DATA BELOW:
※

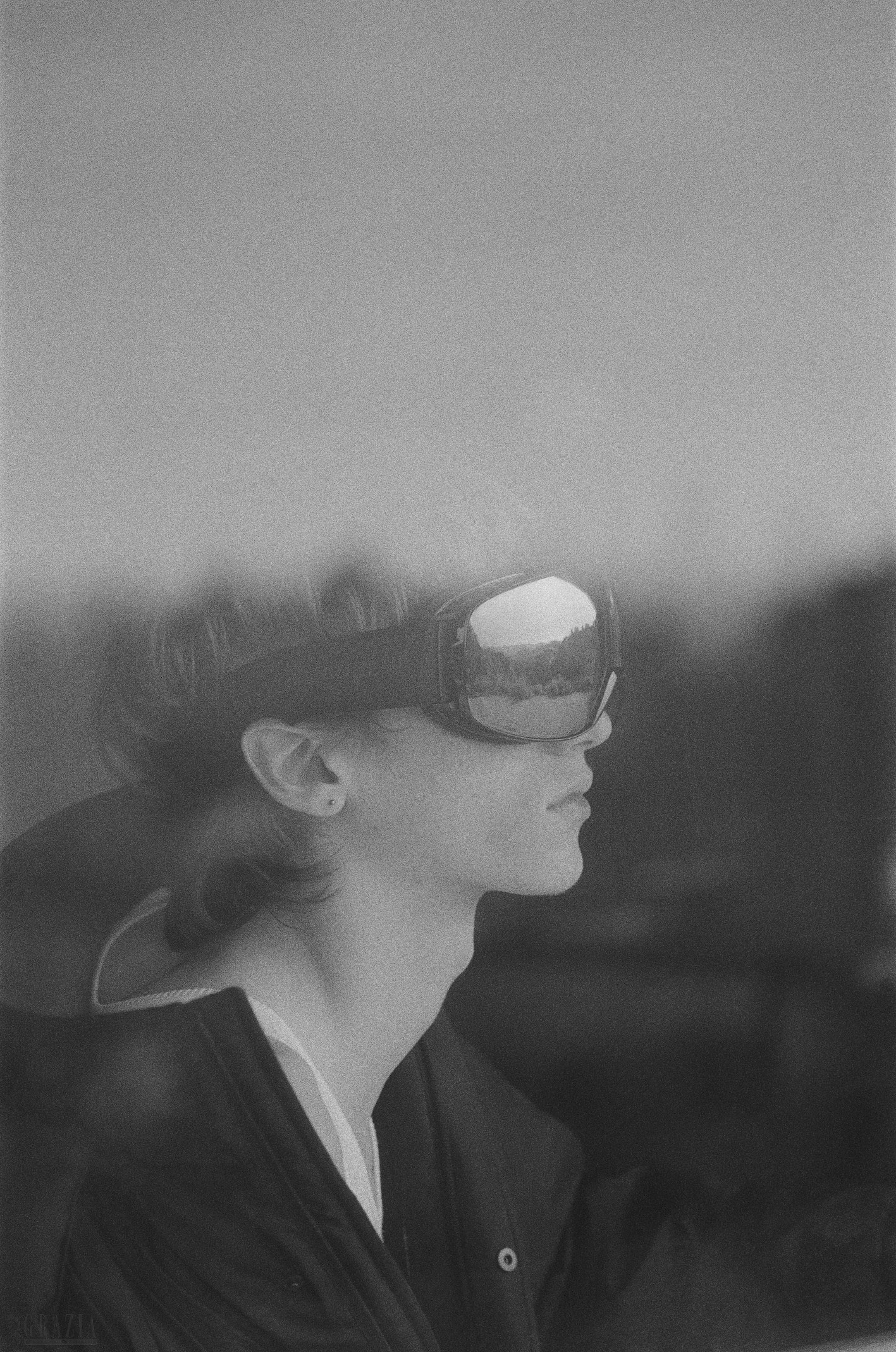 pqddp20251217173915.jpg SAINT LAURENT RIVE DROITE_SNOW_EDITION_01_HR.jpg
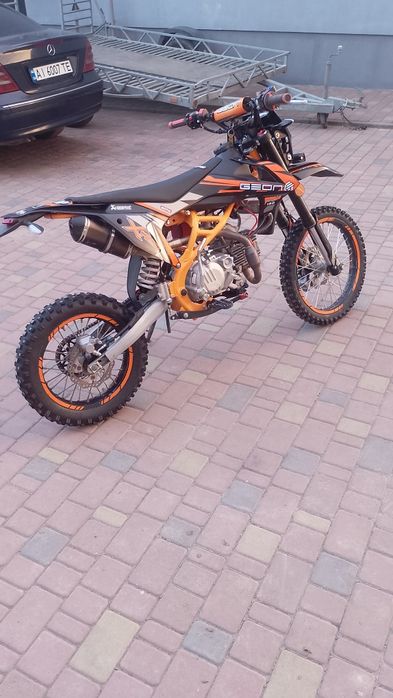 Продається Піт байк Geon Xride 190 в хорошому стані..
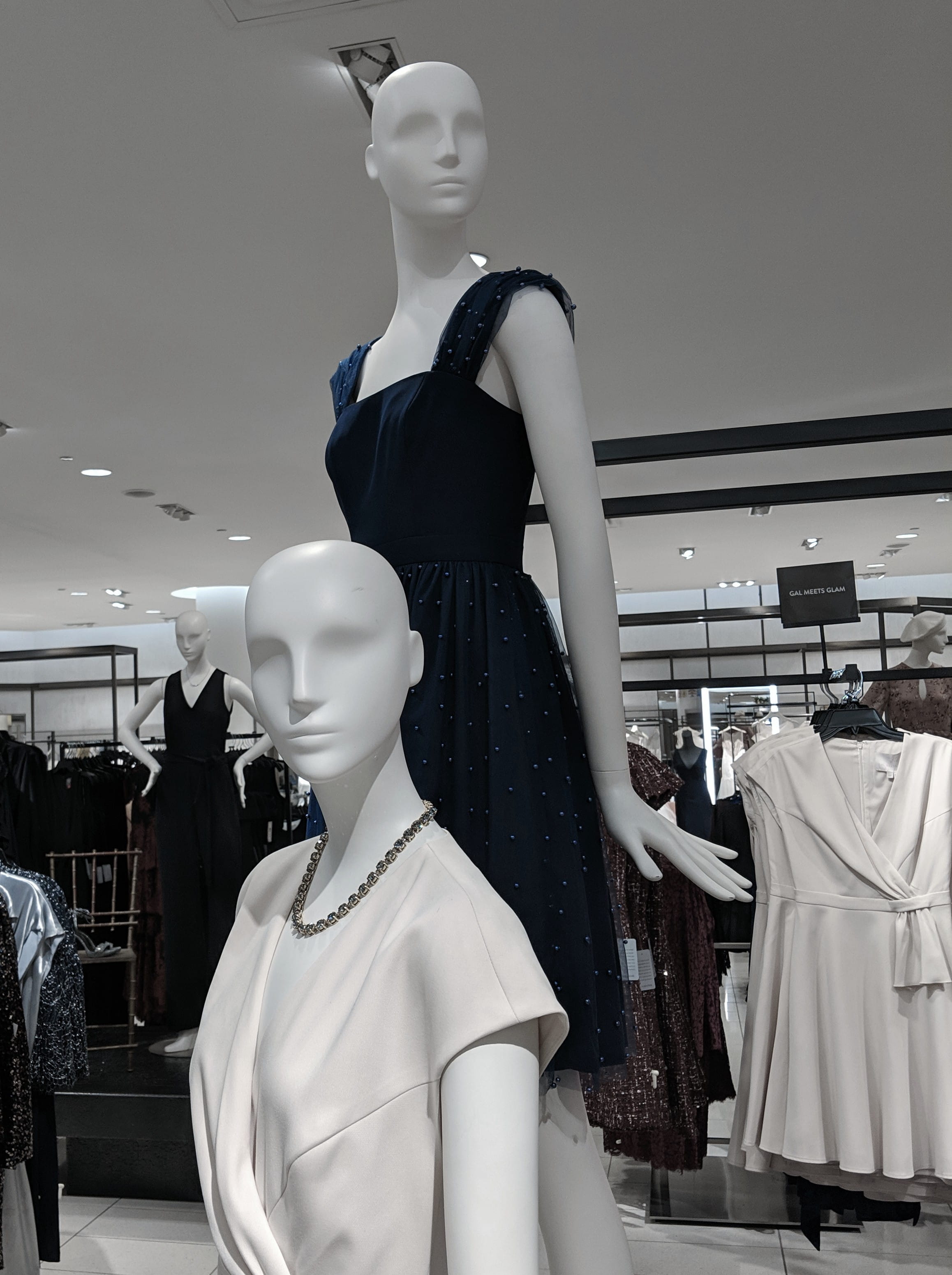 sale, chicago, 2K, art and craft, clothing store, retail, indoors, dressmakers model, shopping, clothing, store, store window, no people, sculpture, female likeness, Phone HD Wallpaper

※

DIRECTIONS: Everything in the listing must be copied exactly except the pictures.

ANSWER TO THIS PROBLEM:
 pqddp20251217173915.jpg SAINT LAURENT RIVE DROITE_SNOW_EDITION_01_HR.jpg
 Продається Піт байк Geon Xride 190 в хорошому стані..
 sale, chicago, 2K, art and craft, clothing store, retail, indoors, dressmakers model, shopping, clothing, store, store window, no people, sculpture, female likeness, Phone HD Wallpaper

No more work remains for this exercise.